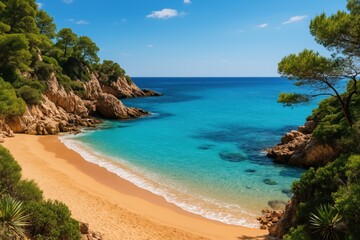 Obraz premium Pristine Mediterranean coastline with crystal clear turquoise waters and white sandy beach creating paradise vacation destination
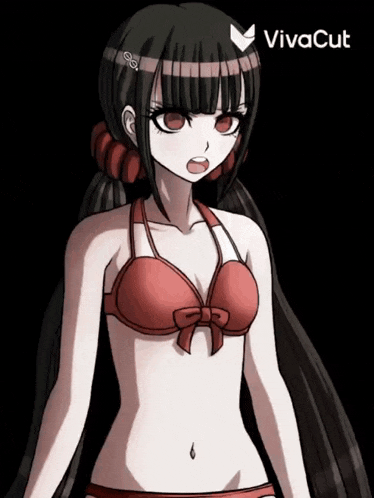 a girl in a red bikini with the word vivacut on the bottom right
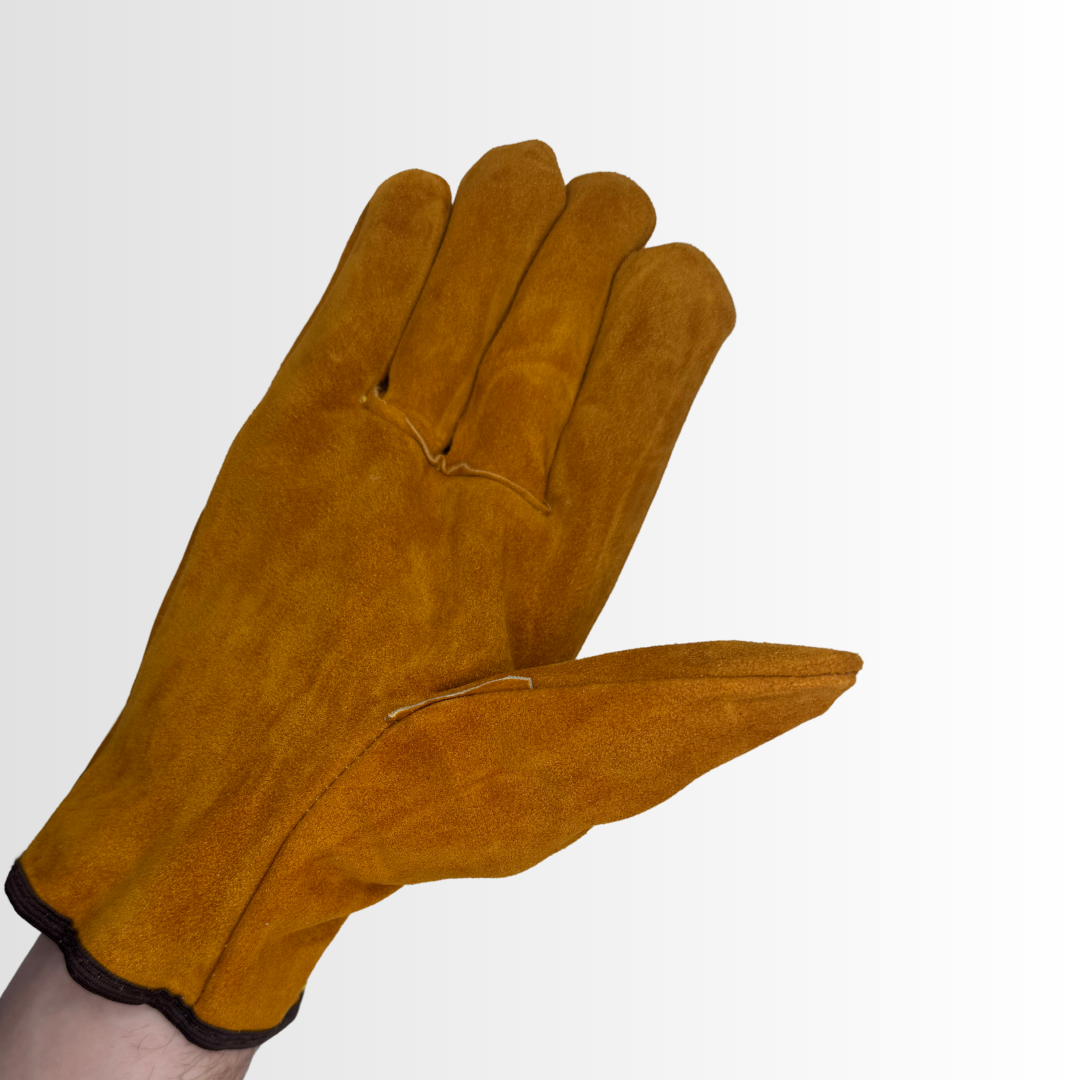 3210 | Split Leather Driver Gloves with Straight Thumb, Safety Cuff, and Shirred Elastic Back-Golden Yellow (12 Pair)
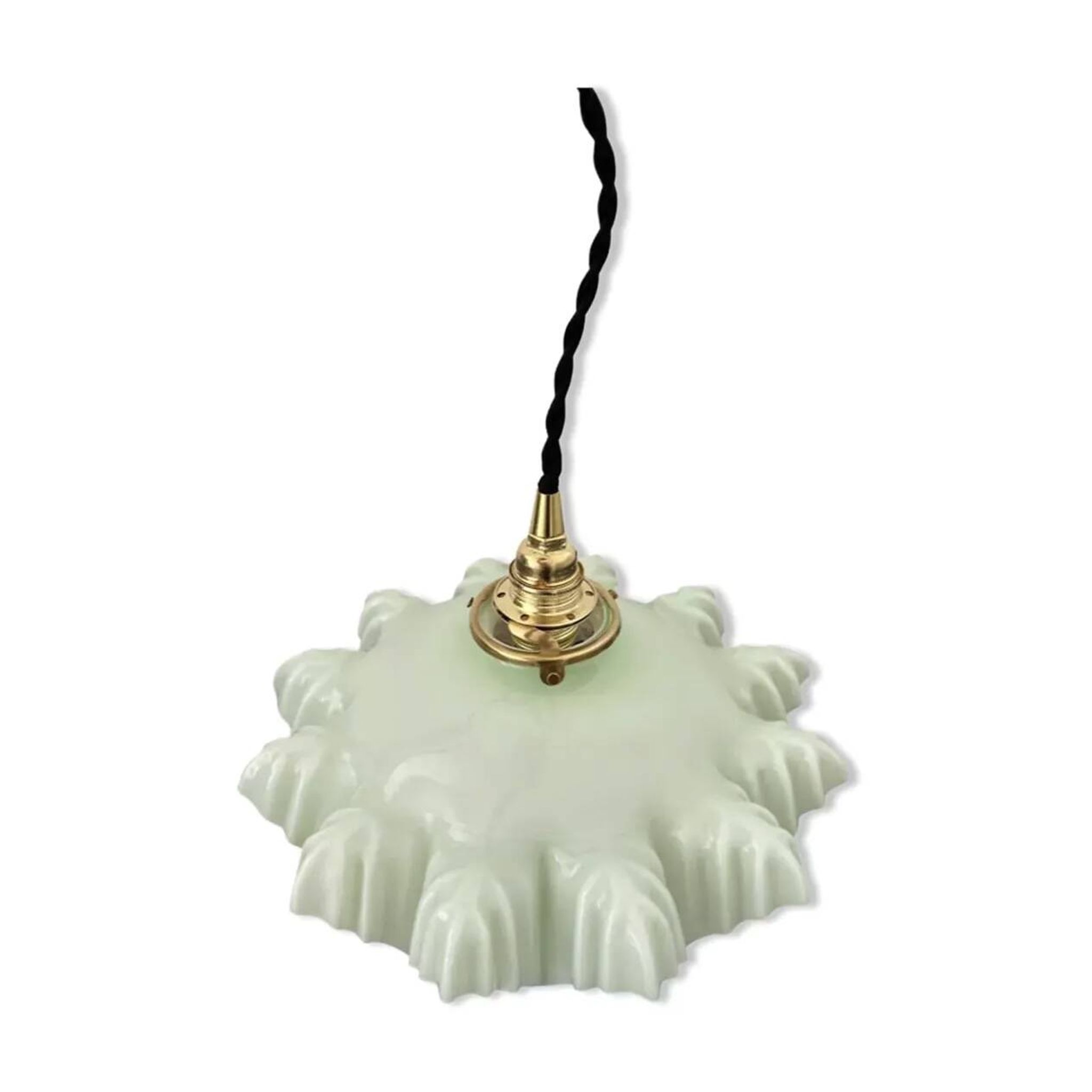 Vintage green opaline pendant light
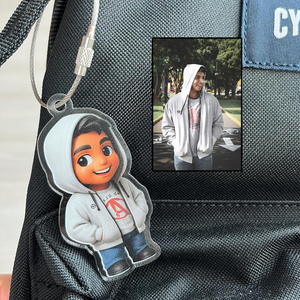 Custom Chibi Keychain: Personalized Cartoon Acrylic Keyring Gift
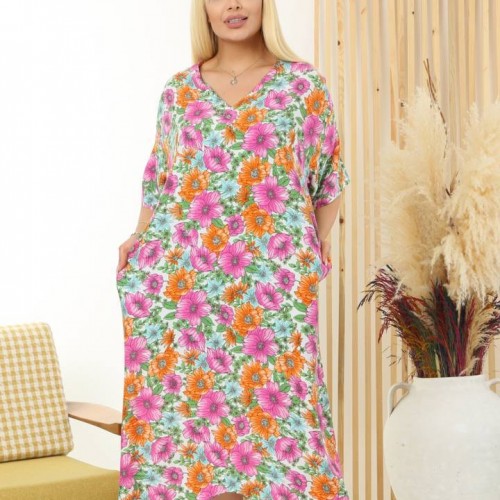 216096 TOPTAN DESENLİ ELBİSE toptan bayan giyim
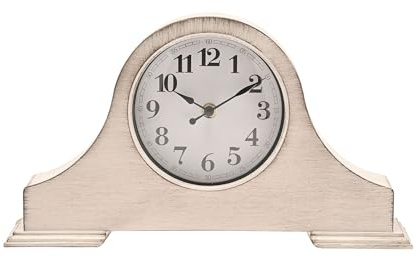 Mantel Clock White Vintage Face 36cm Widdop & Co Hometime W3017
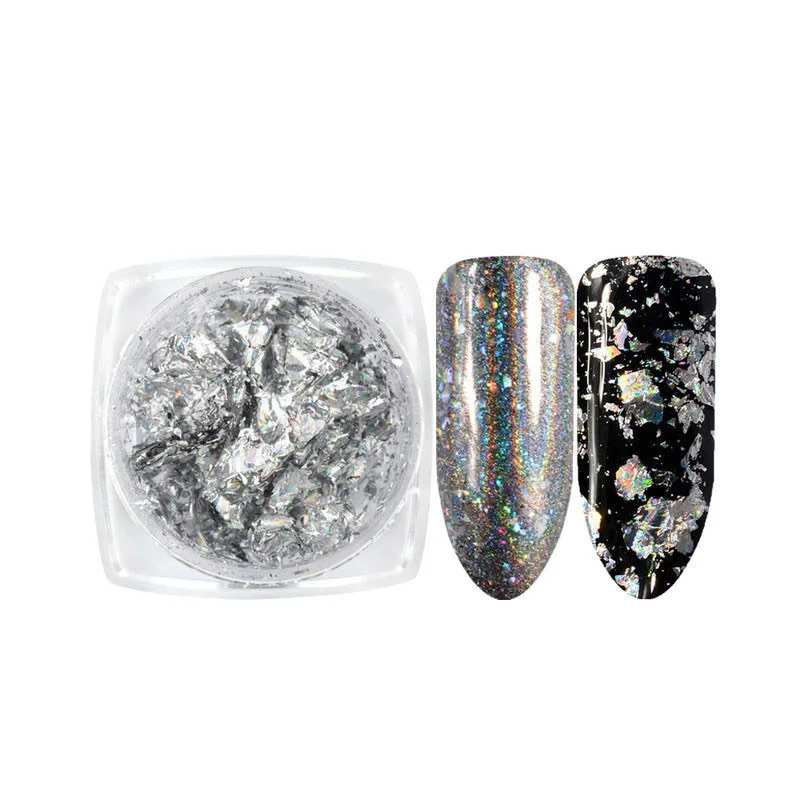 8 цветов/Набор ногтей Блеск алюминиевые хлопья эффект зеркальных порошки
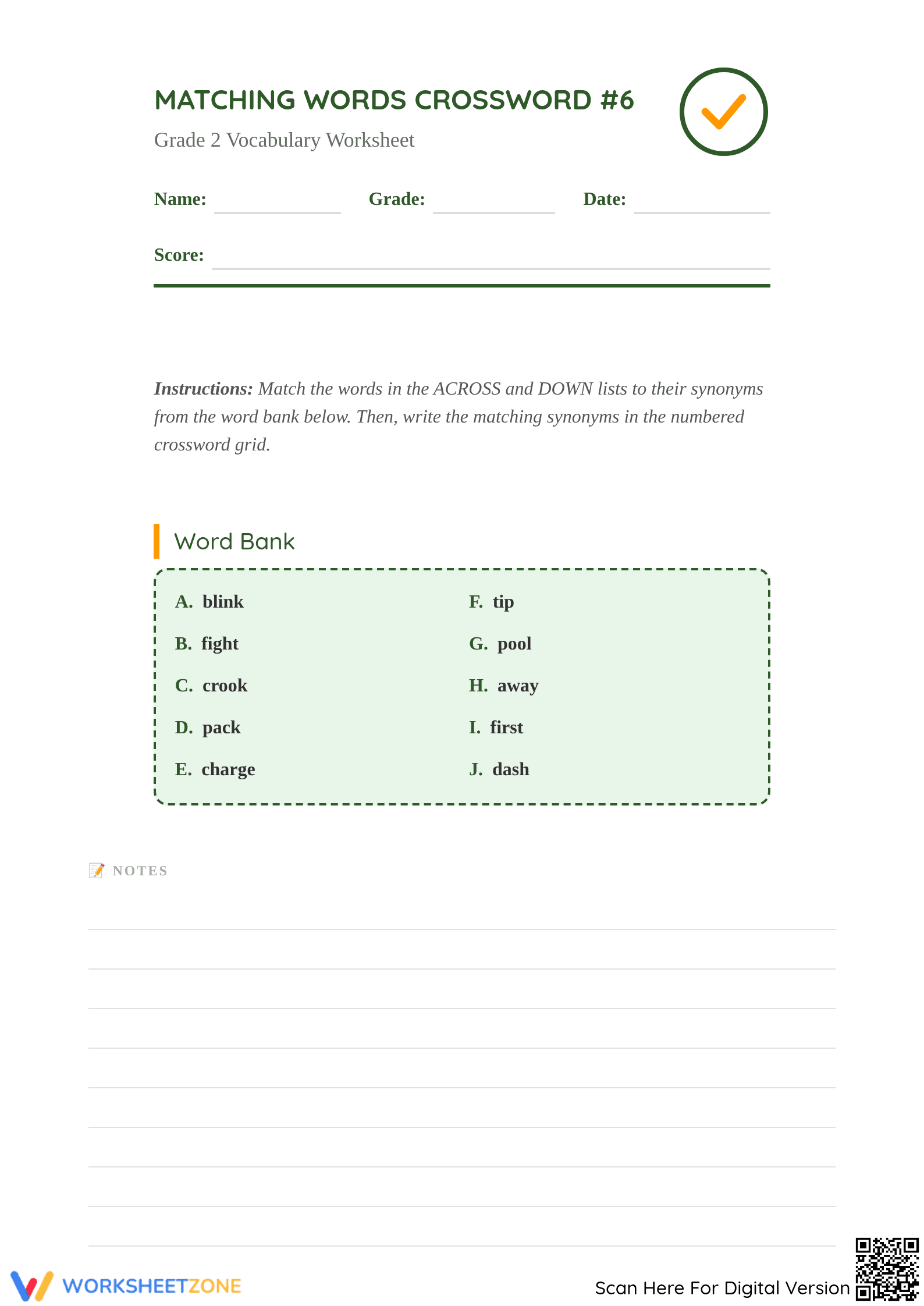 Printable Grade 2 Synonyms Crossword & Vocabulary Sheet - Page 1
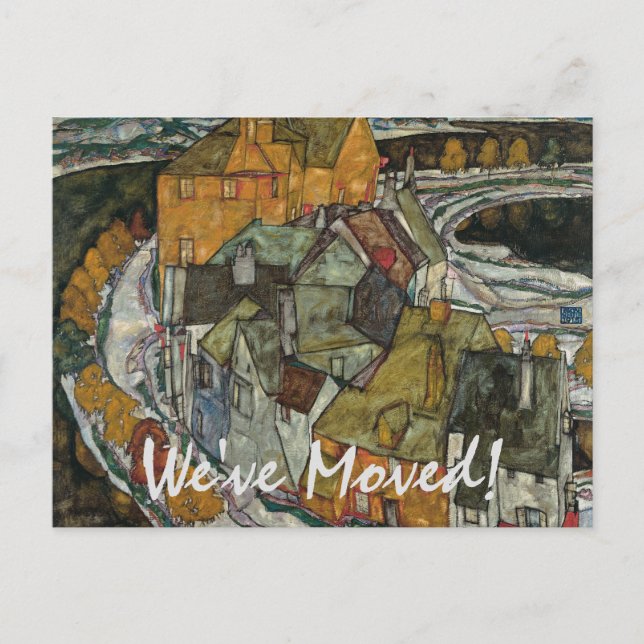 Postal De Anuncios Ciudad insular por Egon Schiele, cambio de direcci (Anverso)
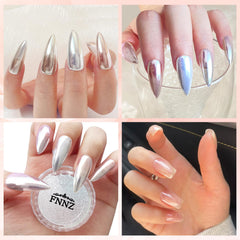 FNNZ UV/LED compatible powder used on acrylic nails.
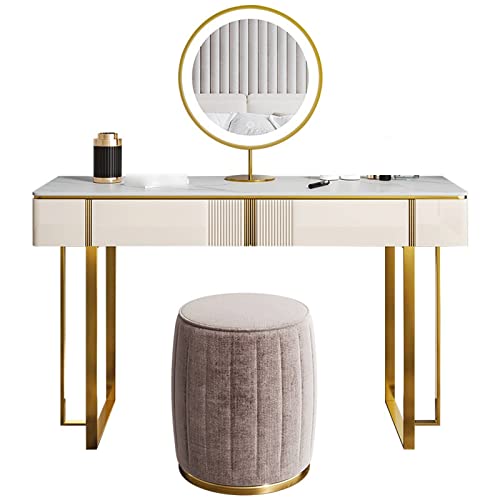 AQQWWER Schminktisch Light Luxury Dressing Table Small Family Simple Dressing Table Rock Board Dressing Table Furniture Independent Bedroom Dressing Table von AQQWWER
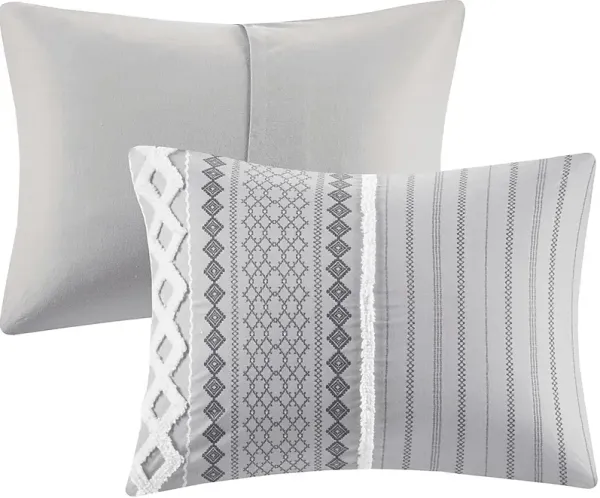 Plaen Gray 3 Pc Full/Queen Comforter Set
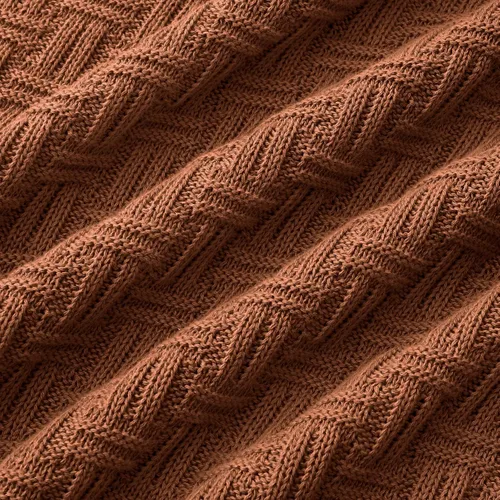 Vista 7 de TREELY Manta de Punto de Algodón 100% Cobertor para Sofá (31 x 40 Pulgadas, Marrón) Manta decorativa para sofá, cama y sofá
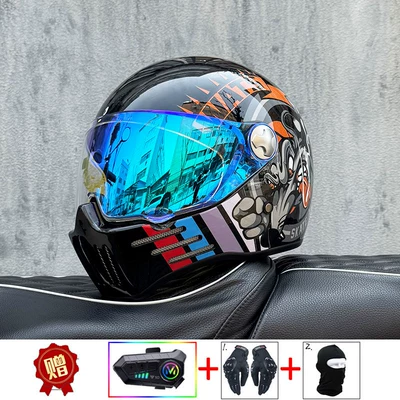 Motosiklet kaskı (dəbilqə): National Standard 3C Certified Retro - bright-blackforward-with-phantom-blue-night-vision-transparent-mirror-included-y10-soft-wheat-m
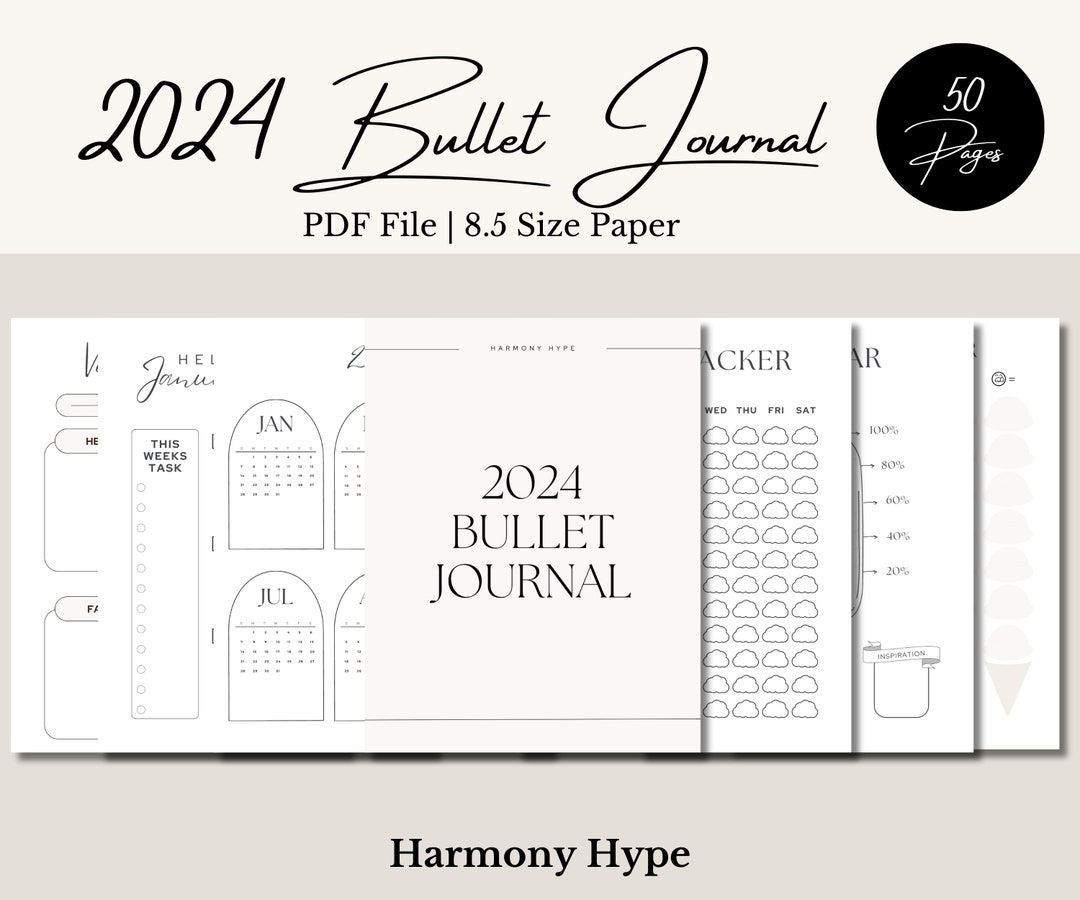 2024 Printable Bullet Journal New Year Bullet Journal 2024 Etsy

◆ TASK DETAILS: Look above for the line with "a girl in a" and the line with "8 цветов/Набор ногтей", then copy them and all lines in between exactly as written, and only those, without any pictures.

◆ RESULT OF THIS EXERCISE:
 a girl in a red bikini with the word vivacut on the bottom right
 3210 | Split Leather Driver Gloves with Straight Thumb, Safety Cuff, and Shirred Elastic Back-Golden Yellow (12 Pair)
 Vintage green opaline pendant light
 Custom Chibi Keychain: Personalized Cartoon Acrylic Keyring Gift
 216096 TOPTAN DESENLİ ELBİSE toptan bayan giyim
 Mantel Clock White Vintage Face 36cm Widdop & Co Hometime W3017
 8 цветов/Набор ногтей Блеск алюминиевые хлопья эффект зеркальных порошки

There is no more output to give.